昨今の「データサイエンティスト熱」は思いのほか長く続いている。「データサイエンティスト」とは、ソーシャルメディア等の膨大なデータが企業や組織に蓄積されていくなかで、それを分析して意味あるものにする専門職のことだ。

 数年前に米国でその必要性が叫ばれ始め、それが日本にも波及し、「ビッグデータ」の隆盛とともに多くのメディアで同様に語られるようになってきた。

 データが多かろうが少なかろうが、定形であろうが非定形であろうが、「分析をする」という業務は以前から存在する。そのため、筆者は一時的な流行りワードだと見ていた。
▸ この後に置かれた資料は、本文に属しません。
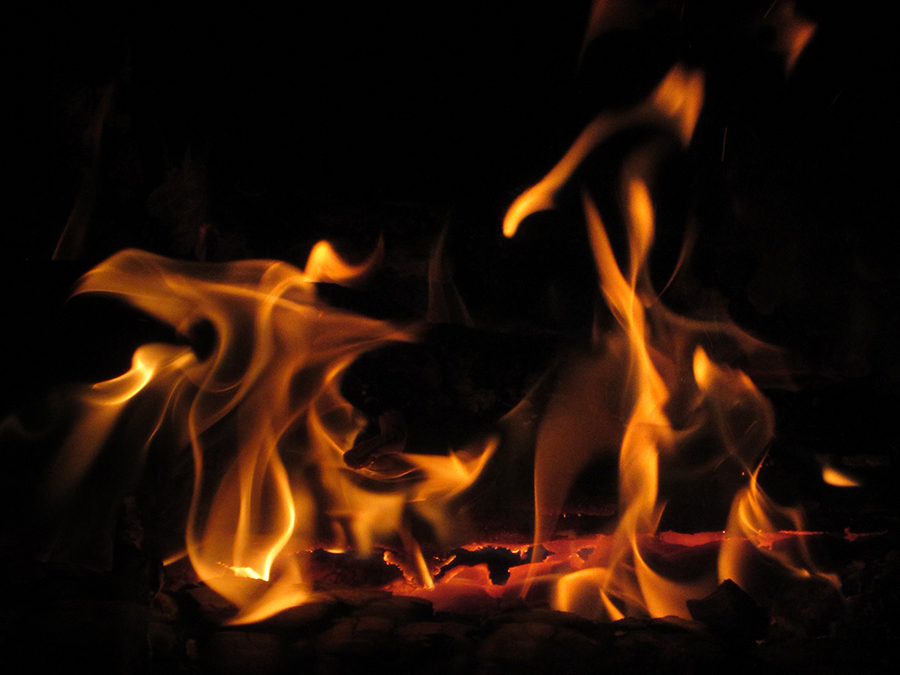 flammes dans une cheminée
 しかしその後、各種メディアで特集が組まれたり、自社でのBI(Business Intelligence)要員の募集にも自称「サイエンティスト」からの応募が増えたりしているところを見ると、1つのカテゴリーとして確立しつつあるのかもしれない。

 ただ、その「定義」については、人によって様々な捉え方があり、いまなお明確にはなっていない。

計算よりも実務感覚が大切

 ある雑誌で、「統計やITの知識がある人がデータから答えを出してしまうので、文系のコンサルタントは不要になるのではないか」「マーケターも統計分析ができる理系でないといけない。これからは理系の時代だ」といった論調を目にした。

 これは1つの見方ではあるが、実務の現場にいる筆者としては手放しで同意することはできない。